With plentiful media access and unlimited playback options, we are often now lost. Where are the real experiences, and how are they any different than any other experiences? How do we determine the merit of anything, and when we praise a performer, what are we valuing really? Many people haven’t been to a live performance for years — some fell off the habit during COVID, and never came back; some just no longer can be bothered to commit their physical existence for a few hours, when there are so many secondary experiences available for free at the touch of a screen.

When we go to a live performance, what are we there for?

Before the days of free and plentiful videos, often the listeners were left in mystery while listening: how are these sounds actually made? The performers also spent many hours with furrowed eyebrows, staring at the fresh scores: what exactly do you want, and how should it sound?

The Kronos Quartet occupies a unique place; they exist in that liminal space — from the old-school avant garde music, where sine wave tapes were the peak of sophistication, to current works that require a great technical complexity — Kronos members became their own technical engineers. Their setup in Koerner Hall left no doubt, from bowed glasses to sophisticated backtracks and live processing. They also elevated music from being a simpler aural experience, to real, comprehensive performance — their conviction and embodiment of music is clearly expressed in their speeches, gestures, and countless non-instrumental instructions.

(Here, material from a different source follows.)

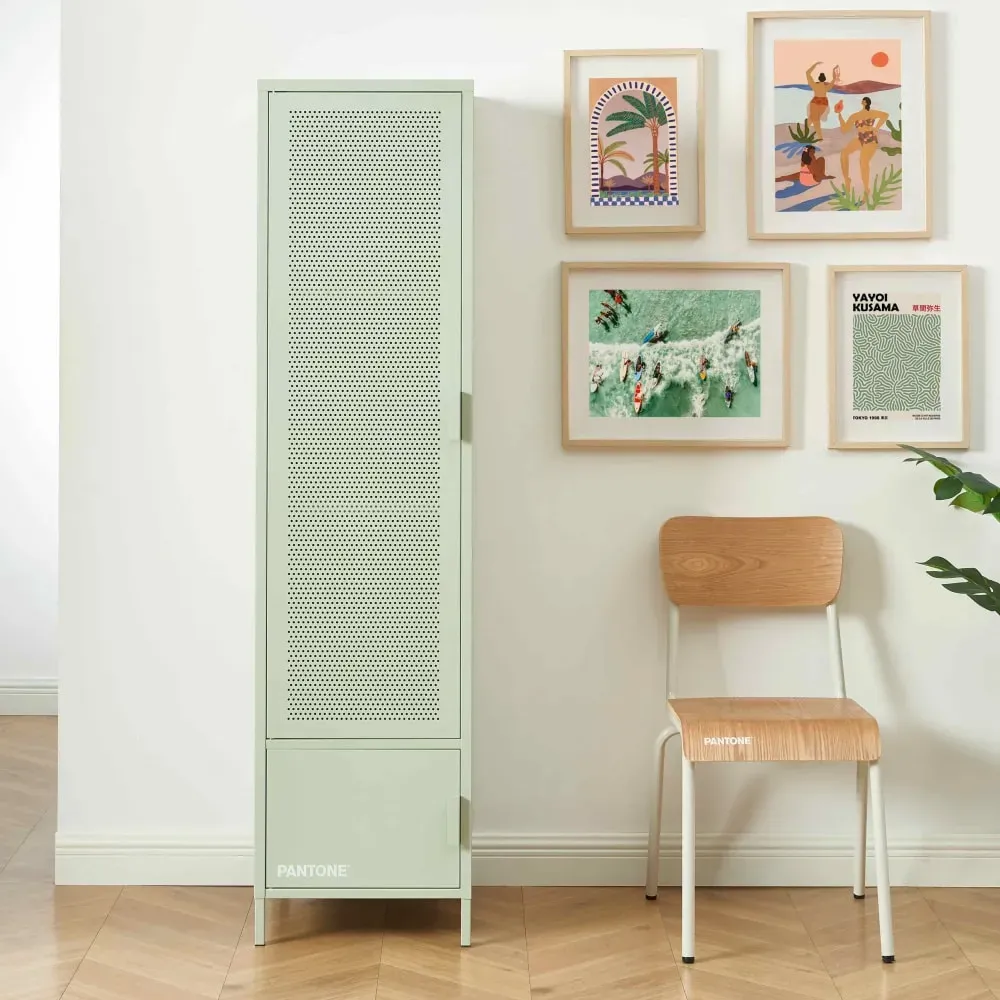 Illustration numéro 2 du produit Vestiaire métal vert amande h180cm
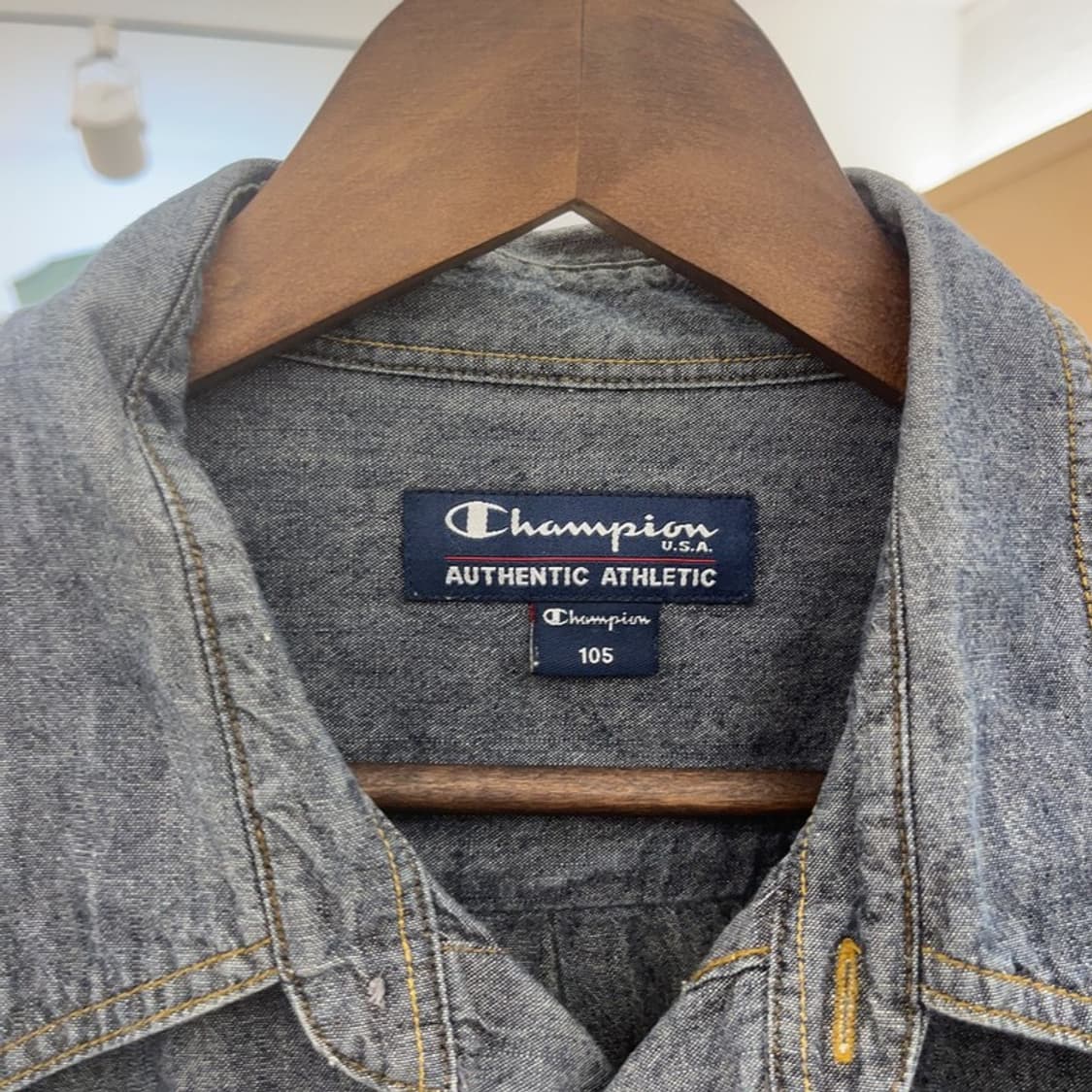 챔피온 어센틱 올드스쿨 데님 청셔츠 105 C06400 상품이미지5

With Hank Dutt and John Sherba passing on their batons in the next season to Gabriela Díaz and Ayane Kosaza, the quartet will evolve yet again. But, transformation and adaptation were always at the heart of Kronos. There is no doubt in their pursuit of excellence.

The true question would be: where would they take us? The Kronos Quartet: Five Decades, feels like a brief stop in their incredible journey. Perhaps a few fervent Kronos groupies are slowing down- — aging does that. Yet the group feels just as ferocious and sharp.

This concert was pure excellence, and should there have been a few mishaps, let them be. Experiences such as this are not built on perfection, but on provocation and resonance. Long live Kronos.